Caption-style text data:
^^^^^^^^

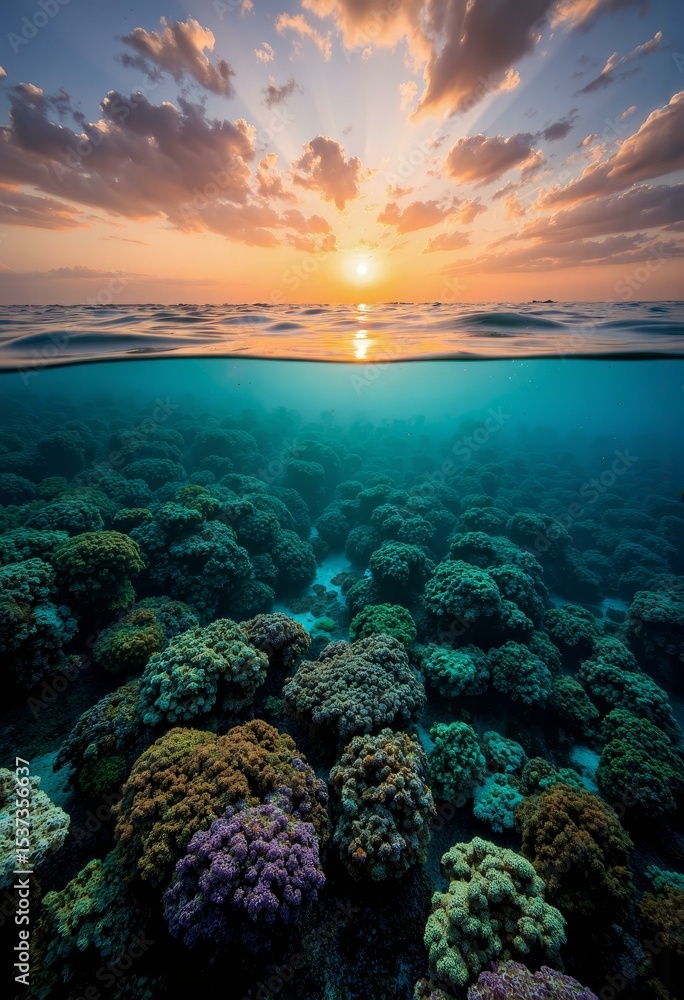 Sunset Over Split Coral Reef with Vibrant Marine Life and Colorful Sky Reflection Sunset Over Split Coral Reef with Vibrant Marine Life and Colorful Sky Reflection
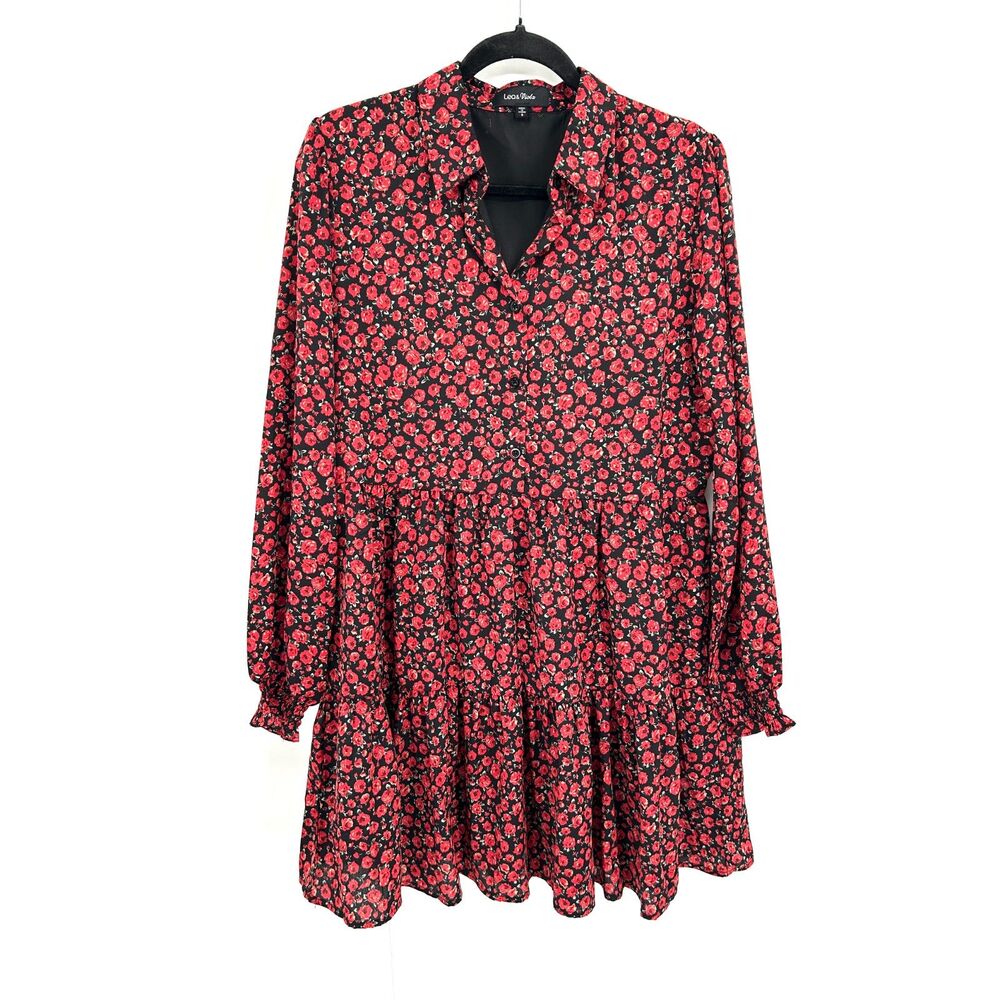 LEA & VIOLA Black Red Rose Floral Long Sleeve Tiered Light Shift Dress Small
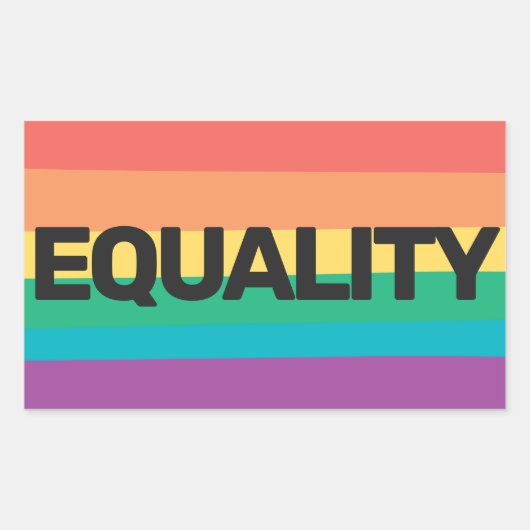 LGBTQ trots Gelijke regenboogvlag Rechthoekige Sticker (Voorkant)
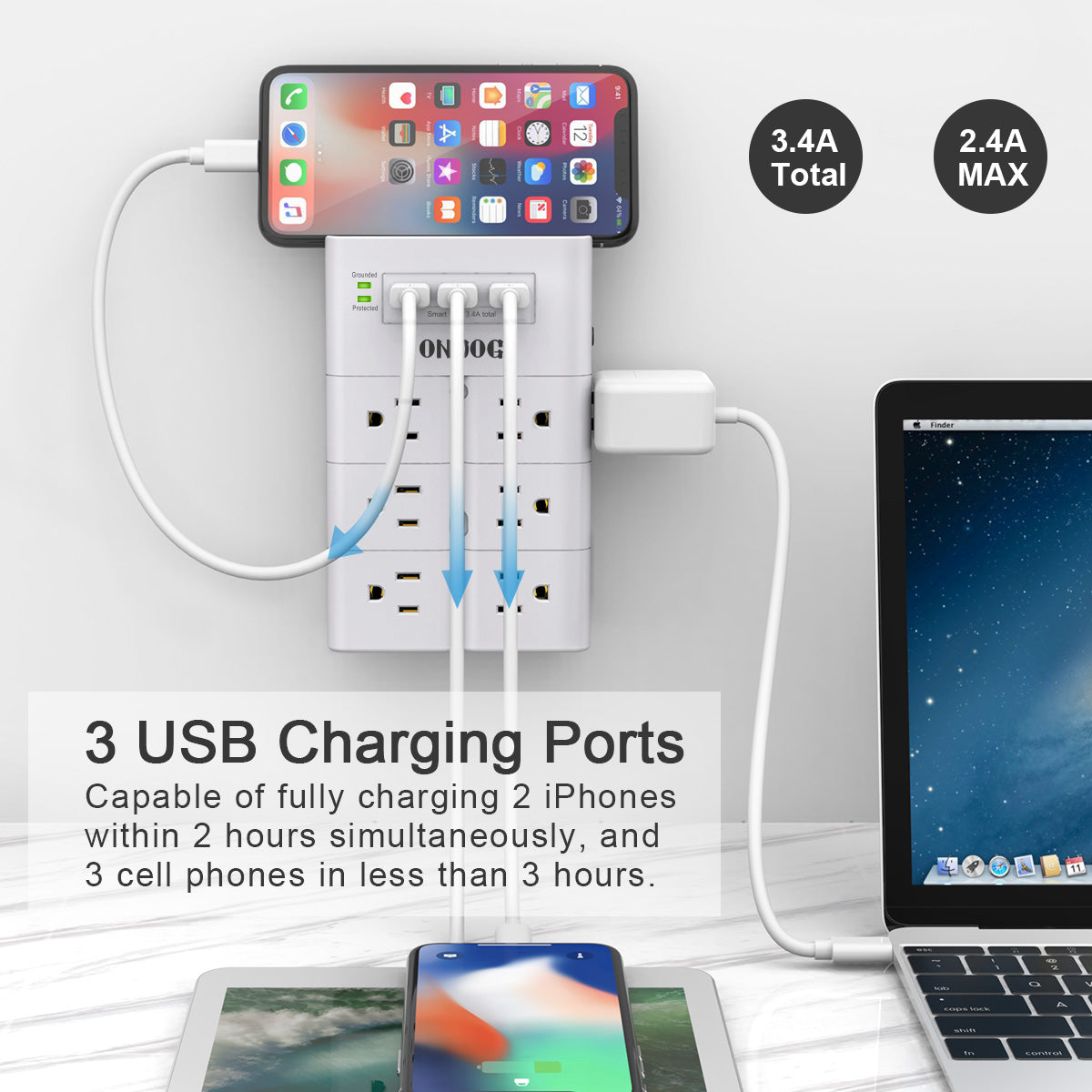 ONDOG Multi Plug Outlet, Outlet Splitter, Surge Protector Wall Mount with 12-Outlet Extender and 3 USB Ports(Smart 3.4A Total) for Home, Office, Dorm Essentials, Hotel, White, ETL Listed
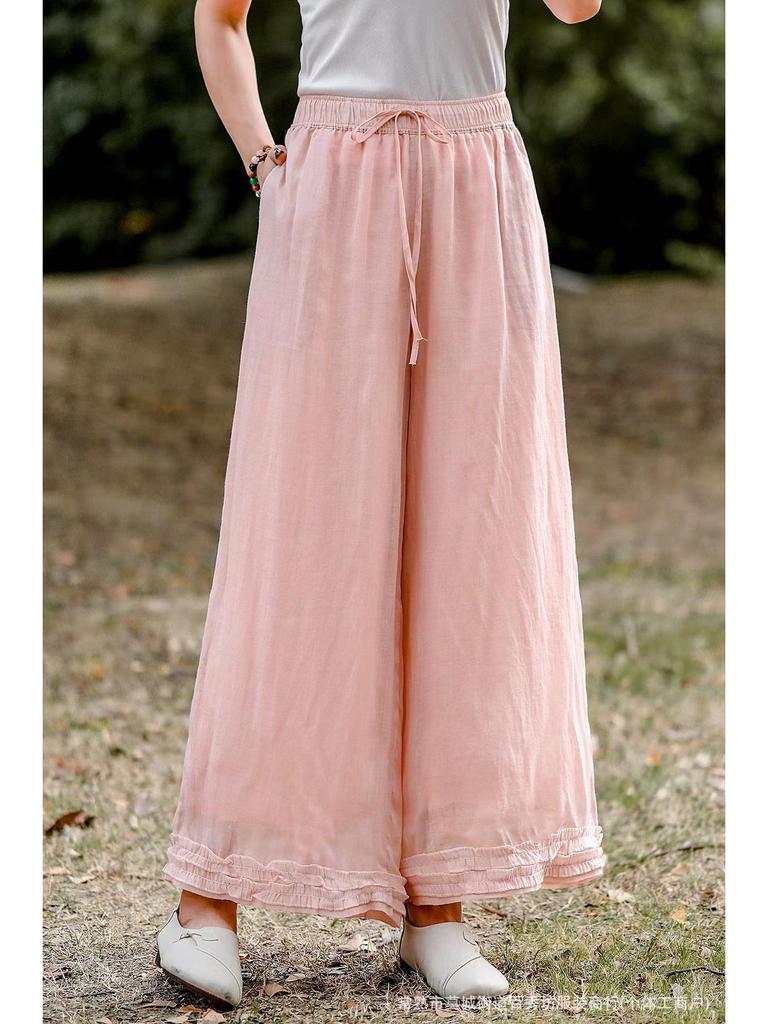 2026 Artistic Solid Color Ramie Wide-Leg Ruffle Pants - Elastic Waist, Double-Layer, Women’s Summer Casual Long Pants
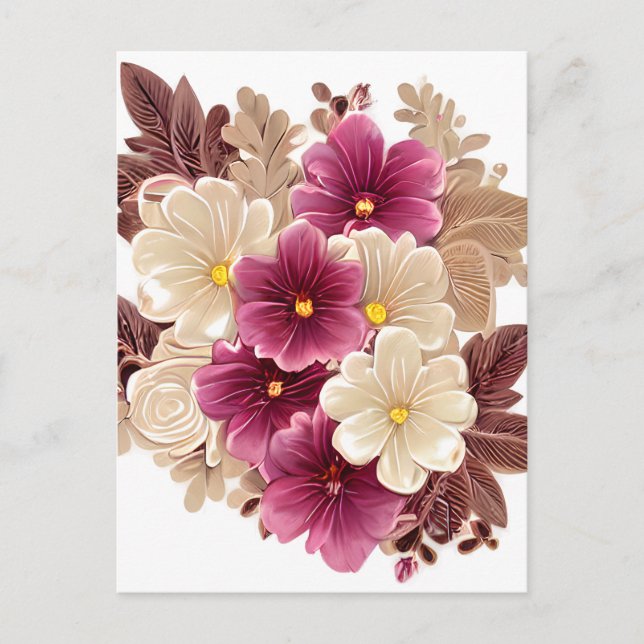 Cartão Postal Cream Ivory e Flores de Borgonha num Passado Vinta (Frente)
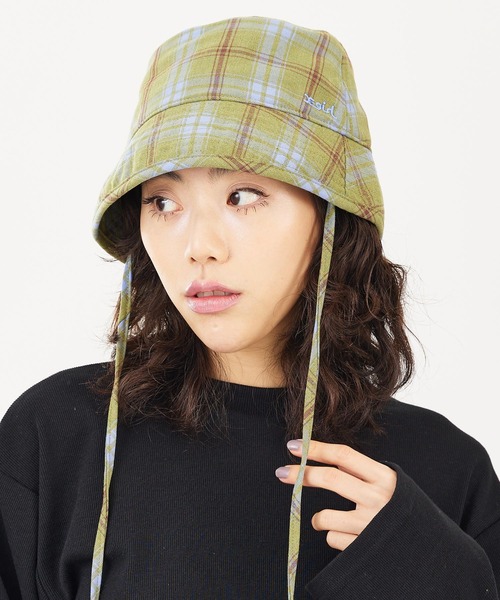 X-girl（エックスガール）の「PLAID BUCKET HAT（ハット・レディース・ホワイト/グリーン/イエロー・ONE SIZE）」の14枚目の写真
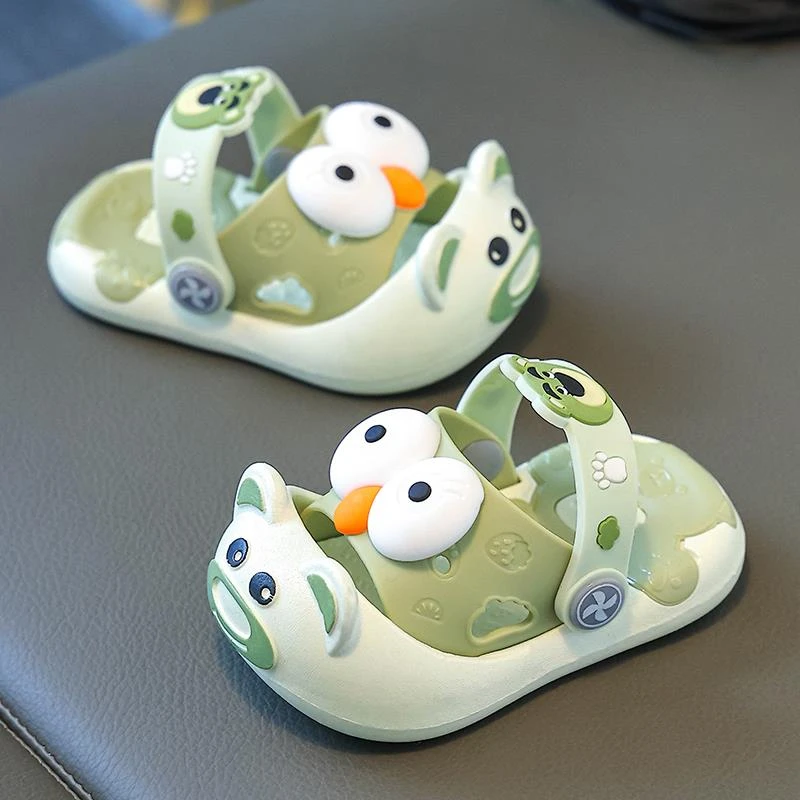 包头防撞大眼熊儿童拖鞋夏男女童室内防滑卡通小童幼儿宝宝洞洞鞋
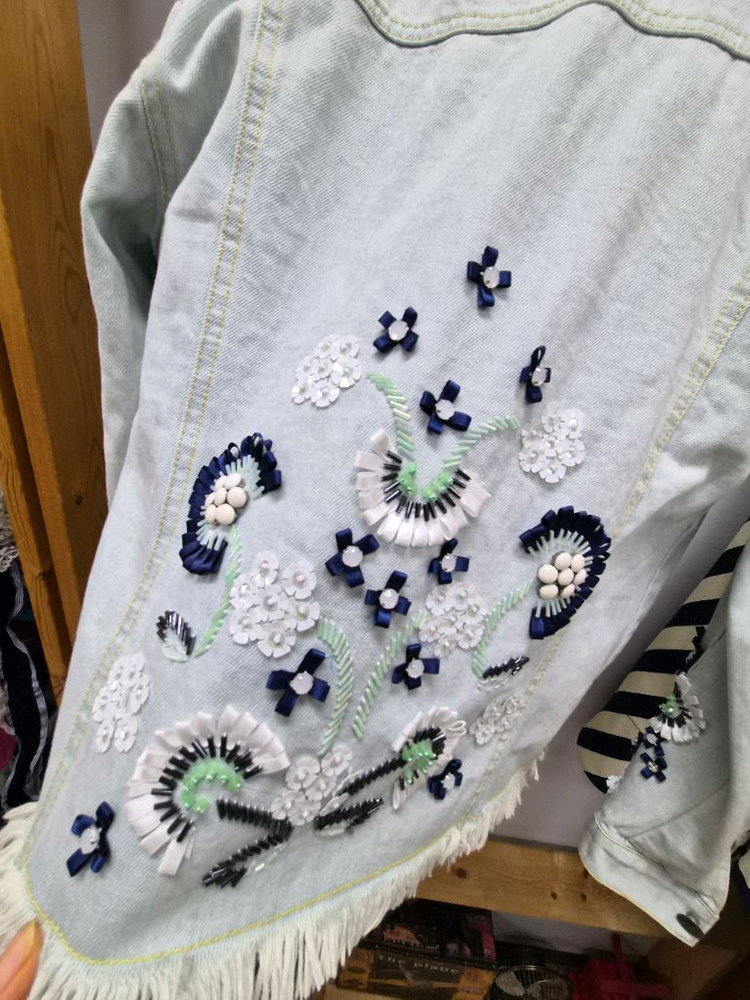 수입 핸드비즈 데님자켓.blank 도트 스트라이프 스커트--14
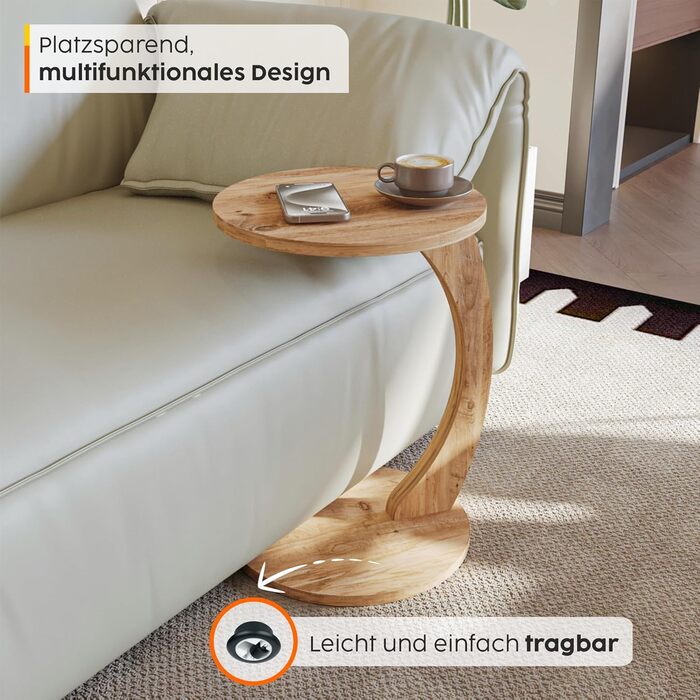 Журнальний столик на колесах, невеликий С-подібний приставний столик, приставний столик до дивана, стильний диванний столик з красивим виглядом горіхового дерева, круглий приставний столик, ідеальний для дивана та вітальні, С-подібний горіх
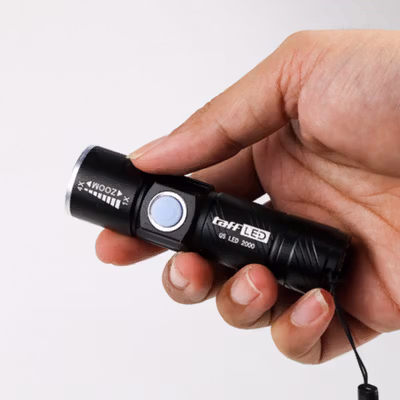 TaffLED Senter LED Mini Zoom Flashlight USB Rechargeable Q5 2000 Lumen - Black — gambar 4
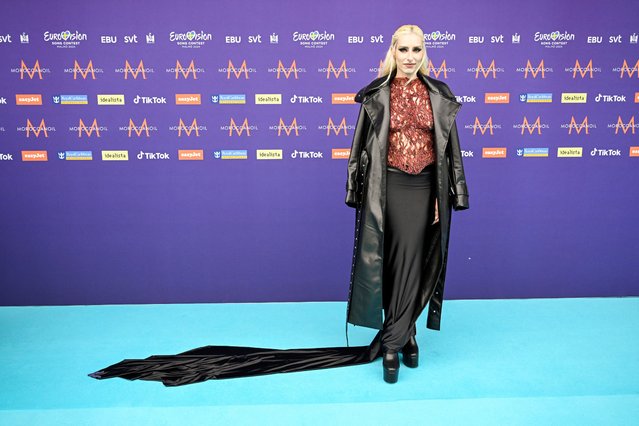 Slovenian singer Raiven poses on the turquoise carpet before the opening ceremony for the 68th edition of the Eurovision Song Contest ESC at Malmo Live concert venue, in Malmo, Sweden, on May 5, 2024. (Photo by Jessica Gow/TT News Agency via Reuters)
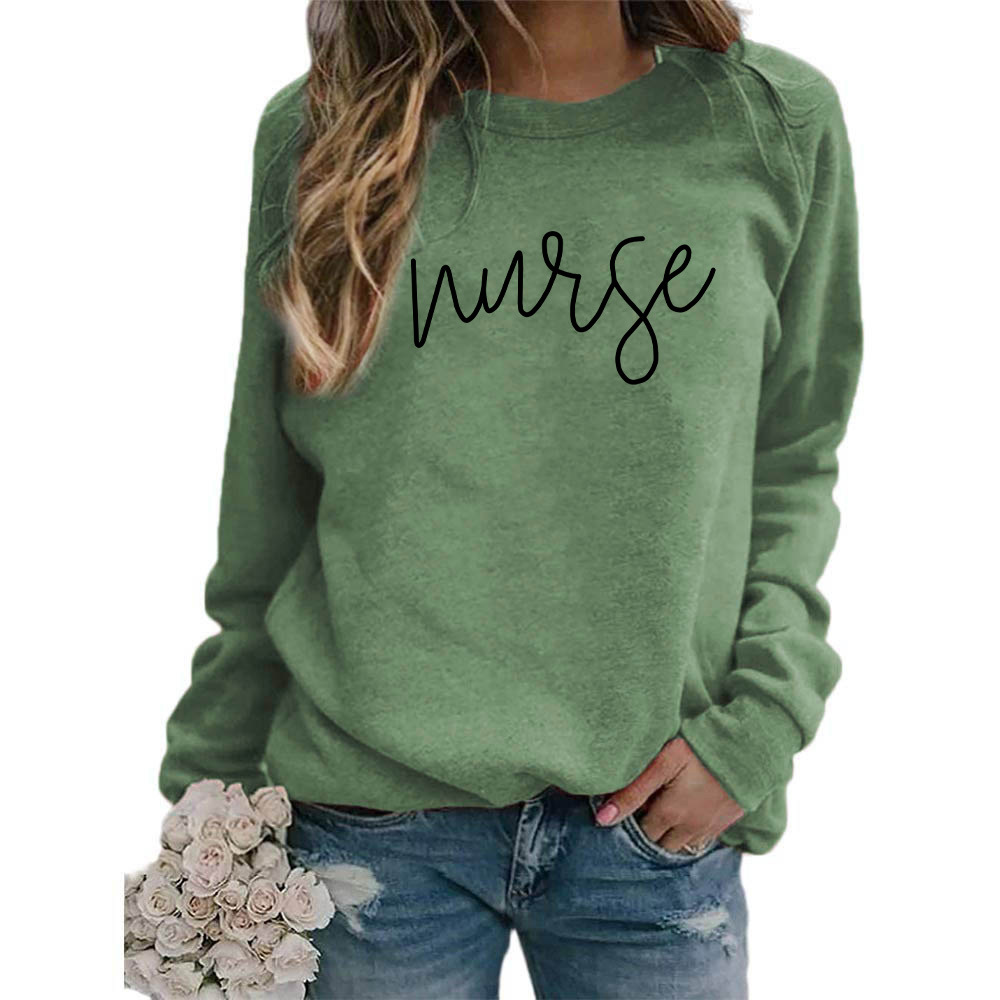 Krankenschwester-bedruckter Pullover mit Rundhalsausschnitt, europäischer, lockerer, großer Herbst- und Wintermantel_voghion.com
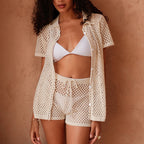 Damen luftige Strickjacke mit lockerer Passform und eleganter Schnürung R&B
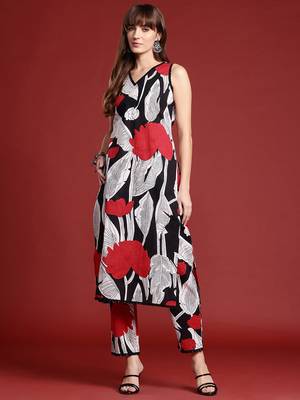 Black printed pure cotton kurta trouser set 4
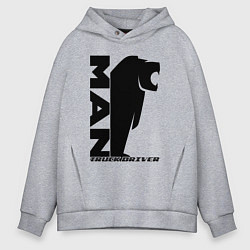 Толстовка оверсайз мужская MAN дальнобойщик чёрный логотип, цвет: меланж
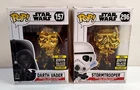 2 x Star Wars Pop Vinyl Gold 2019 Galactic Convention DARTH VADER & STORMTROOPER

^^^^^^^^

Exercise brief
Where a line contains "Black printed pure", begin there and transcribe every line through the last one of the records above, exactly and with no pictures.

Expected answer
 Black printed pure cotton kurta trouser set 4
 Толстовка оверсайз мужская MAN дальнобойщик чёрный логотип, цвет: меланж
 2 x Star Wars Pop Vinyl Gold 2019 Galactic Convention DARTH VADER & STORMTROOPER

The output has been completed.